Trevor Bayne and the crew of his No. 21 Motorcraft/Quick Lane Ford Fusion tried some of the best plays in their strategy book at Michigan International Speedway on Sunday, but in the end they had to settle for a 21st-place finish in the Pure Michigan 400.
Any disappointment from the afternoon was offset by the fact that the team’s long-time partner Ford Motor Company became the inaugural winner of the Michigan Heritage trophy, which will be awarded to the winning manufacturer of Sprint Cup races at MIS for years to come. The trophy, inspired by professional hockey’s Stanley Cup, celebrates the spirit of the automobile and its importance to the Michigan track, which is the home turf of the U.S. automobile industry.
“We certainly want to congratulate Roger Penske and Joey Logano on their victory,” said Len Wood, co-owner of the Motorcraft/Quick Lane Ford. “When any Ford wins, we all win.”
Ford and Wood’s team have been a big part of NASCAR history at Michigan. Of Ford’s league-leading 34 Cup victories at Michigan, the Woods own 11. One of their greatest drivers, David Pearson, still leads all drivers in Michigan victories with nine, all of which came in either Ford or Mercury race cars.
While Bayne and the Woods will have to wait for another Sunday to try to deliver Ford another Michigan Heritage trophy, they were encouraged by the team’s performance in the Pure Michigan 400.
Bayne started 18th and held his own through the opening laps.
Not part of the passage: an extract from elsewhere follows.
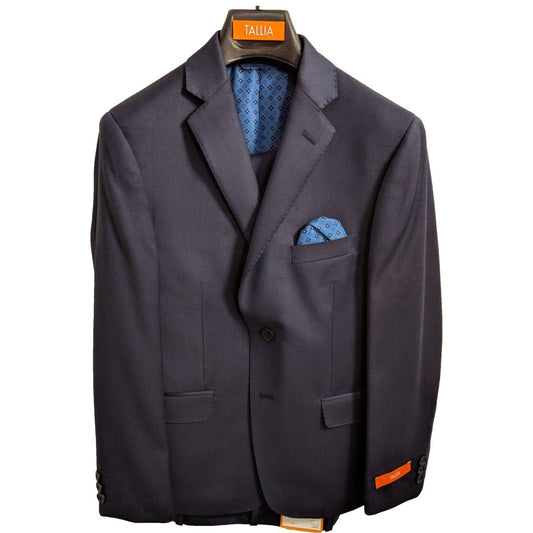 Tallia Boys Husky Twill Navy Blue Wool Suit WH471 Suits (Boys) Tallia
With teams on various pit strategies, Bayne wound up getting all the way into the lead before pitting on Lap 48.
Time after time, his Motorcraft/Quick Lane over-the-wall crew members helped him keep track position with their quick work on pit road.
At one point he gained 10 positions in a single two-tire stop.
“The pit crew did a great job all day,” Wood said. “Even when we changed four tires we were able to gain positions, and they made adjustments on several stops and still got us off pit road in good shape.”
The team’s strategists, led by crew chief Donnie Wingo, also were at their best, even if circumstances, mostly caution flags, didn’t fall in their favor.
“We had a fuel-mileage strategy working twice, but because of the way the cautions fell it didn’t work out,” Wood said. “The race wound up with a lot of short green-flag runs, which we did not need.”